Simply a way to connect the pickups to an amplifier without which the electric guitar will not be heard
Tremolo/ Vibrato/ Whammy Bar
A tremolo bridge enables, with a push or pull of a lever, to loosen or stretch all six strings simultaneously and create a unique sound effect. Once the lever is let go of, normal tuning should return. Since the introduction of The Fender Stratocaster in 1954 the tremolo bridge has gained massive popularity and there is a very wide range of aftermarket Tremolo bars and Bridges of different mechanisms.
Tone and Volume Knobs
There are different variations of controlling what type and strength of signal comes out of the output plug, but practically all electric guitars have the minimum controls for volume and tone. These are electric potentiometers the restrict and redistribute the electric current from the pickups to the output plug.
The Exception to the rule
These guitars are production guitars who do not adhere to the traditional or conventional.
The Gittler Guitar
This one pretty much defies everything I have just listed above. Gittler wanted to show that an electric does not need to be ‘constricted’ by the conventions of old guitars and got rid of all the unnecessary parts to be left with the bear minimum. Oh, and no wood.
The Steinberger guitars
Another distinctive design made from unconventional materials such as Graphite and Carbon Fiber these guitars are mostly noted for their Headless design.
Gibson EDS-1275 Double Neck
An extravagant model which combines a 6 string and a 12 string with an SG design. Made famous mostly by Jimmy Page when performing Stairway to Heaven and utilizing both neck.

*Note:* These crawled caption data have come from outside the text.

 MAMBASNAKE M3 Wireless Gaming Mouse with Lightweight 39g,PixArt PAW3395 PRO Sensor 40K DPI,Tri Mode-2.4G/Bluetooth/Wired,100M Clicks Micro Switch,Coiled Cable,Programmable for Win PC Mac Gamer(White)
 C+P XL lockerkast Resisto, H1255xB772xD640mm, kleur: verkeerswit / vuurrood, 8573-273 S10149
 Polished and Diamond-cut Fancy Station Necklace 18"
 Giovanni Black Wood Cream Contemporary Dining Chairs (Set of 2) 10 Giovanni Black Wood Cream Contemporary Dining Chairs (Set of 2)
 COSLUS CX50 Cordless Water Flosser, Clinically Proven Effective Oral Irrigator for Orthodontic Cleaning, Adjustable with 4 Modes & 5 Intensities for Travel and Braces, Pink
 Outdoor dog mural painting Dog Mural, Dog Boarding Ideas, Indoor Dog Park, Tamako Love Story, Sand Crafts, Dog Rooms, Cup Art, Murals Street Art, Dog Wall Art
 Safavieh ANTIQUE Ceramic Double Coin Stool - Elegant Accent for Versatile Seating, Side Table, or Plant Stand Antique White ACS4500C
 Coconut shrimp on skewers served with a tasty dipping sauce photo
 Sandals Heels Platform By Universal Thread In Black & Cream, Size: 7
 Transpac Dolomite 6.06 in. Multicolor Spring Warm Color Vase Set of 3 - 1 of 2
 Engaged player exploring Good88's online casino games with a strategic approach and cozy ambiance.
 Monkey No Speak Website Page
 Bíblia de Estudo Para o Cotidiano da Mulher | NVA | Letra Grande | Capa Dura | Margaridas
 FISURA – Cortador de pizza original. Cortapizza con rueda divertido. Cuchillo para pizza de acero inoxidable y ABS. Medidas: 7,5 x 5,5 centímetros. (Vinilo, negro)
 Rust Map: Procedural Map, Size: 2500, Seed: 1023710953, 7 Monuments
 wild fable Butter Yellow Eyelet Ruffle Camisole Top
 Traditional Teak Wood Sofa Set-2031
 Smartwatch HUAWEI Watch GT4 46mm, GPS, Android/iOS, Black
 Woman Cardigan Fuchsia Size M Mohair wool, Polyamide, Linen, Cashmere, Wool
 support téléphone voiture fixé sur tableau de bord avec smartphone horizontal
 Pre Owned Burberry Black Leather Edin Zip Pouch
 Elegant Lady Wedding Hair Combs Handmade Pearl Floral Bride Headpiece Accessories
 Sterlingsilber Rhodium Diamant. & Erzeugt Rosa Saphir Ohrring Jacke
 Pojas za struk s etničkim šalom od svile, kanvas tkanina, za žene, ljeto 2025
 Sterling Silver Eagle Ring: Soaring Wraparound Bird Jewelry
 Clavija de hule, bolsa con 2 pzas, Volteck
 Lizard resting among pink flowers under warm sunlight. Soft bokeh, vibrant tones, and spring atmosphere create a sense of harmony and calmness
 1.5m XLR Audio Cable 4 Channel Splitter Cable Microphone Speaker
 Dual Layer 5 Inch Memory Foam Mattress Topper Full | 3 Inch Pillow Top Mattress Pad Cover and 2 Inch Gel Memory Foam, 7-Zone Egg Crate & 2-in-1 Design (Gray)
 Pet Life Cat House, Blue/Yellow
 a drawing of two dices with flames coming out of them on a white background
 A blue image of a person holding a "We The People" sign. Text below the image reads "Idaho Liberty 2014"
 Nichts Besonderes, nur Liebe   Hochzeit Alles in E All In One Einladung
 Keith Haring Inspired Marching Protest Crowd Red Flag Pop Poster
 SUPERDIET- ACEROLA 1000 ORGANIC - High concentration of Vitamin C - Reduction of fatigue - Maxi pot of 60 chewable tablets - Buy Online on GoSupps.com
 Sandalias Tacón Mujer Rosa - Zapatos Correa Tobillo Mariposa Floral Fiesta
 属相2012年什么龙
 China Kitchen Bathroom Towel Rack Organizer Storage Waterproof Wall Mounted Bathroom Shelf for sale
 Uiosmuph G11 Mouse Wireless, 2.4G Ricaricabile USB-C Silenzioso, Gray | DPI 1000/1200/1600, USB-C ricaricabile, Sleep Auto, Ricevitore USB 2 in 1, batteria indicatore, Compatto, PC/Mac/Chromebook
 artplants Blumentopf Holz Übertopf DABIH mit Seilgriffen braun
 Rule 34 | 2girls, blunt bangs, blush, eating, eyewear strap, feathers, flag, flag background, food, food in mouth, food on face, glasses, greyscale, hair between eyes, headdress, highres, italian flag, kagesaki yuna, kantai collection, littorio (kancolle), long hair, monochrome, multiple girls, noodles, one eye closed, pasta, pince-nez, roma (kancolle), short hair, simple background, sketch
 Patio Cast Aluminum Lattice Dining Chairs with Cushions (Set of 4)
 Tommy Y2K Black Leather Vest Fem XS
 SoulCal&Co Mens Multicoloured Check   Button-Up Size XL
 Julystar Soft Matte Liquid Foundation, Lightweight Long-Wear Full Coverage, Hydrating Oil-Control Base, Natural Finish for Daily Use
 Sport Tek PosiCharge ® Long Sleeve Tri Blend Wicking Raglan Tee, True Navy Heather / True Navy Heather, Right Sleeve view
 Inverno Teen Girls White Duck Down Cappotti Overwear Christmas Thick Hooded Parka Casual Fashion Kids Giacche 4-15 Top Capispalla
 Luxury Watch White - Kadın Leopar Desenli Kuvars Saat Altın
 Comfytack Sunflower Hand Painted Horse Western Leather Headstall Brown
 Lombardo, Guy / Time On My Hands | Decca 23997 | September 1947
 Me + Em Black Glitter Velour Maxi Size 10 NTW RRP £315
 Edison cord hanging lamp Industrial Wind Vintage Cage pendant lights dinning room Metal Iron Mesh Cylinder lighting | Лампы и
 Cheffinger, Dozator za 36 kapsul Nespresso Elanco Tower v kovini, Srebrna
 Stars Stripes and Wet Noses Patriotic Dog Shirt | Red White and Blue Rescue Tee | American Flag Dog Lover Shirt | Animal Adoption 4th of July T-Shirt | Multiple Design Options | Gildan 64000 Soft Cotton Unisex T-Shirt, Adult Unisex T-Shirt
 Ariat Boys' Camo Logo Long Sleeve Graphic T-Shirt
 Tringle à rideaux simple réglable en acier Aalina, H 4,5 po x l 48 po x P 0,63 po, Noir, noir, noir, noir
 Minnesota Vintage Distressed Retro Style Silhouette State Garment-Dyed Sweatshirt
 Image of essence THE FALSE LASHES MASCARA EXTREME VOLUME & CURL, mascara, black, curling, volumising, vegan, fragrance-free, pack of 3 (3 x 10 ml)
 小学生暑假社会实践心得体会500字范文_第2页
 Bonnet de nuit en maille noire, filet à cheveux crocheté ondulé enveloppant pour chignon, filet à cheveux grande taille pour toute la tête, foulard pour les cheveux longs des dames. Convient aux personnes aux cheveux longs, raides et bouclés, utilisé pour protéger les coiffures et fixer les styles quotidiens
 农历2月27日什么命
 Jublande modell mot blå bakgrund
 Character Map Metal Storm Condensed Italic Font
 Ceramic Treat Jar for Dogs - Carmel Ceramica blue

What are the internal parts of an electric guitar?
There is not much hidden from the eye.
- As mentioned before, the neck has the metal Truss Rod Running through it.
- Under the Selector, Volume and Tone Nobs are the pots (Usually 250k or 500k), capacitors, the selector itself, and electric wiring.
- In case of a Tremolo Bridge, the spring system will usually run through the back of the guitar.